Task directions -> Word for word, restate the lines from the start of the data down to the line with "Newport Bridge Long", both included.

(Stored data entries)

--- START ---

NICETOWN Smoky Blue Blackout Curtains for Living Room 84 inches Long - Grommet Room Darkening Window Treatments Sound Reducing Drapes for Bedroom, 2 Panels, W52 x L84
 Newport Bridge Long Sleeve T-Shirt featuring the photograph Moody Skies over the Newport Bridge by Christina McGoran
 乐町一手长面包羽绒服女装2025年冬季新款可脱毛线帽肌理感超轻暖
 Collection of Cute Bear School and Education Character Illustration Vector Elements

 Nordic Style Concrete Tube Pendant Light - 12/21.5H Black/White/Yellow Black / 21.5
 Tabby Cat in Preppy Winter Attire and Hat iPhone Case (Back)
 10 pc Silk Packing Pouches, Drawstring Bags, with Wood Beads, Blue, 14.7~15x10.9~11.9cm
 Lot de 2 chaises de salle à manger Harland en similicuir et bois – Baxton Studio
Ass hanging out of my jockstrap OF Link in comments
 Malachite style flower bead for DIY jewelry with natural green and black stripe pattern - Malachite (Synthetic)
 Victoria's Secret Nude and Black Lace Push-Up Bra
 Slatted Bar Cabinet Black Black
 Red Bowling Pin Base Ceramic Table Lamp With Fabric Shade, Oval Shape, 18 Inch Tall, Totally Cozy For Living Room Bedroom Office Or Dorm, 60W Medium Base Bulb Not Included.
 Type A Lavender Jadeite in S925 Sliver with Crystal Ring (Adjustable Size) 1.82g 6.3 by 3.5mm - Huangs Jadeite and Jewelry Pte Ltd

--- END ---

Reply ->
NICETOWN Smoky Blue Blackout Curtains for Living Room 84 inches Long - Grommet Room Darkening Window Treatments Sound Reducing Drapes for Bedroom, 2 Panels, W52 x L84
 Newport Bridge Long Sleeve T-Shirt featuring the photograph Moody Skies over the Newport Bridge by Christina McGoran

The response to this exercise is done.